Jag Ramdas, director of multicultural affairs, said diversity at the college is in need of improvement.

"If you're a white kid, you can go four years at Emerson College without interacting with a single person of color," said Ramdas, who is Indian.

Emerson College has a multicultural student population of just 13 percent, according to Registrar William DeWolf.

"I certainly won't see that day [when Black History Month can be abolished] in my lifetime," Smith said.

Many students interviewed said they were dissatisfied with the observance of Black History Month on campus.

"I don't feel a whole lot of the presence of what Black History Month is supposed to be about," said junior print journalism major Darren Sands.

Rather than "a superficial conversation about Toni Morrison," Sands, who is black, said he would like to see "more of the positives of our culture, like the accomplishments of hip-hop, political activism and the love and respect of our elders. Expressing that to the student body-to me-is more important."

Orson Oblowitz, a freshman film major, said he thought the purpose of Black History Month would be further realized if the college had a more diverse student body.

"[Emerson] projects an image of being a primarily Caucasian school," said Oblowitz, who is white. "Therefore, Black History Month has no relevance when the people it's meant to celebrate are not part of the community."

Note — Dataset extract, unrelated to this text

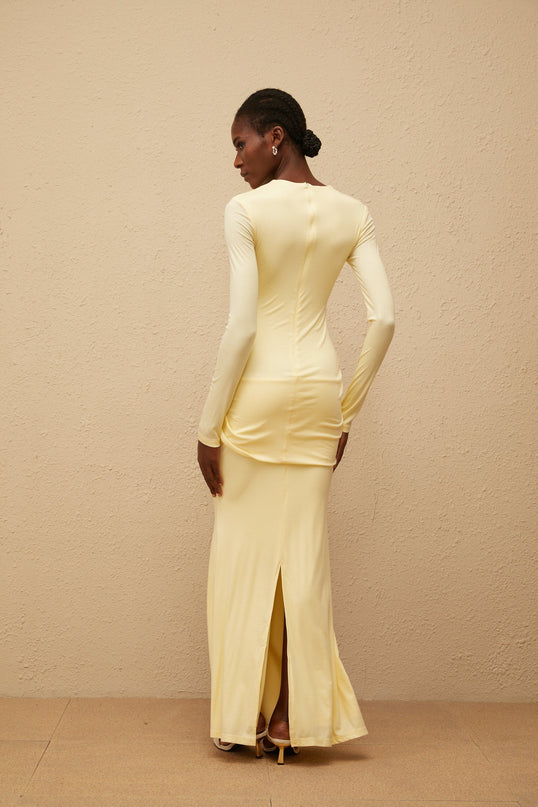 Charlotte Maxi Dress in Yellow with crew neck, long sleeves, fitted waistline, and flared hem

Smith said the perception that Black History Month matters for just a 28- or 29-day period is also problematic.

"The topic of race and ethnic diversity is not confined to Black History Month," Smith said.

Ramdas said he believes it's important for students at a school focused on communication to understand the role the media plays in racial issues.

"You look at the Million-Man March, and there really wasn't any coverage of it. We knew Al Sharpton had a role and we knew that [Louis] Farrakhan had a major role, but only as a Muslim leader. The media portrayed him as way out there, and the public viewed him as almost a terrorist," Ramdas said.

Ramdas also said that issues of racial equality are still relevant.

"People don't realize that the civil rights movement happened yesterday, that it's happening everyday," Ramdas said. "The 'colorblind' generation of today say that they don't see color, it doesn't matter whether someone is black, blue or green, they are all the same. If this was true, the US would truly be a place of equal opportunities, and Katrina's effect would not have been felt most heavily by African-Americans."

Ramdas said he believes that cultural diversity should be accepted and celebrated as a crucial component to achieving an integration of other cultures into American society.

"The other sad part of this is that this colorblind generation is also culture blind-meaning not only do they not see color, they don't see culture," Ramdas said. "Kids are coming into Emerson not aware of their own culture, not knowing what it means to be African-American in America."

Many of the events that Ramdas chose to sponsor as the Director of Multicultural Affairs attempt to elucidate "the roles that Africans played in the development of America and American History."

Earlier in February, the Cultural Center presented plays and films that focused on African-American history, including Martin Luther King, the struggle to be freed from the bonds of slavery and the struggle to survive after the Civil War.

Several observances, including an open-mic night sponsored by EBONI and Multicultural Affairs and a new Center for Diversity initiative that would recognize students and faculty that promote cultural diversity, are scheduled for the month.

Smith said he hopes the events will further young people's racial awareness, and although he doesn't think he will see the day when Black History Month will no longer be needed, he believes students will see this change in their lifetimes, if they work toward it.

"Students should be hastening the day when there is no Black History Month," he said.

Ramdas said he thinks there must be more progress toward racial understanding before such a day could happen.

"[Black History Month] was created in 1926, and here we are in 2006 and we still haven't integrated African-American history into American history," Ramdas said. "We still have hate graffiti at places like Emerson College."

Amanda Pinto contributed to this report.